Feature

The Sound of Freedom

Composed during World War II, Aaron Copland’s Lincoln Portrait reflects the mood of the times during which it is performed.

HUMANITIES, July/August 2007, Volume 28, Number 4

Some ten days after news of the attack on Pearl Harbor had circulated throughout the country, the conductor André Kostelanetz wrote to Jerome Kern, Virgil Thomson, and Aaron Copland with a commission. He hoped for three works that would have “a correlated idea in that they are to represent a musical portrait gallery of great Americans.” Kostelanetz suggested George Washington, Paul Revere, Walt Whitman, Robert Fulton, Henry Ford, and Babe Ruth as suitable subjects to memorialize in music. Thomson chose Fiorello LaGuardia, the mayor of New York City, along with the journalist Dorothy Thompson, his colleague at the Herald Tribune. Copland proposed Walt Whitman. But Kern had already selected Mark Twain, and because Kostelanetz did not want two writers in the group of three portraits, Copland turned to Lincoln.

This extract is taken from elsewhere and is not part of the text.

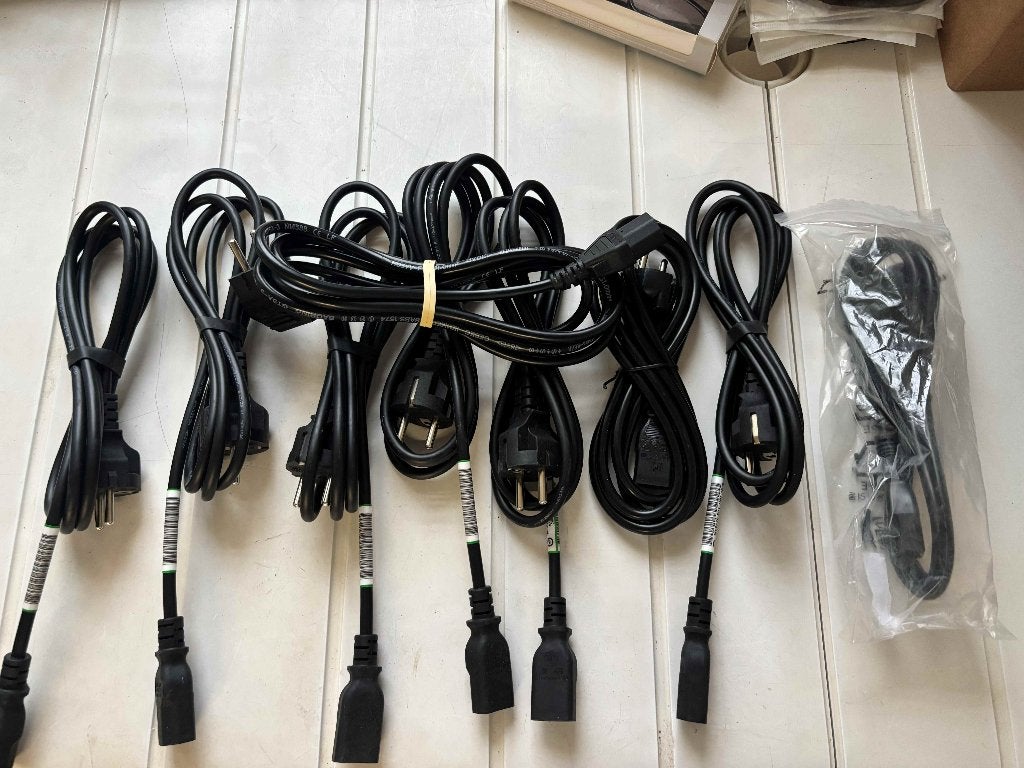 Cable informatique (alim/VGA/DVI/rallonge), Informatique & Logiciels, Enlèvement, Neuf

Whitman and Lincoln were hardly random choices: They dominated the historical imagination of the Left—Communists, Democrats, and Popular Front alike. Both men were embraced as representatives from the American past of contemporary and democratic values. And both were associated with the Civil War, opposed to slavery, and committed to preserving the Union.

The sixteenth president was also coupled in the public mind with Roosevelt, who turned to Lincoln early and often during his twelve years in office. In a 1934 “Fireside Chat” on the role of government in the regulation of capitalism, Roosevelt quoted Lincoln to urge management and labor to support recovery programs of the New Deal. “I believe with Abraham Lincoln,” he asserted, “that ‘the legitimate object of government is to do for a community of people whatever they need to have done but cannot do at all or cannot do so well for themselves in their separate and individual capacities.’”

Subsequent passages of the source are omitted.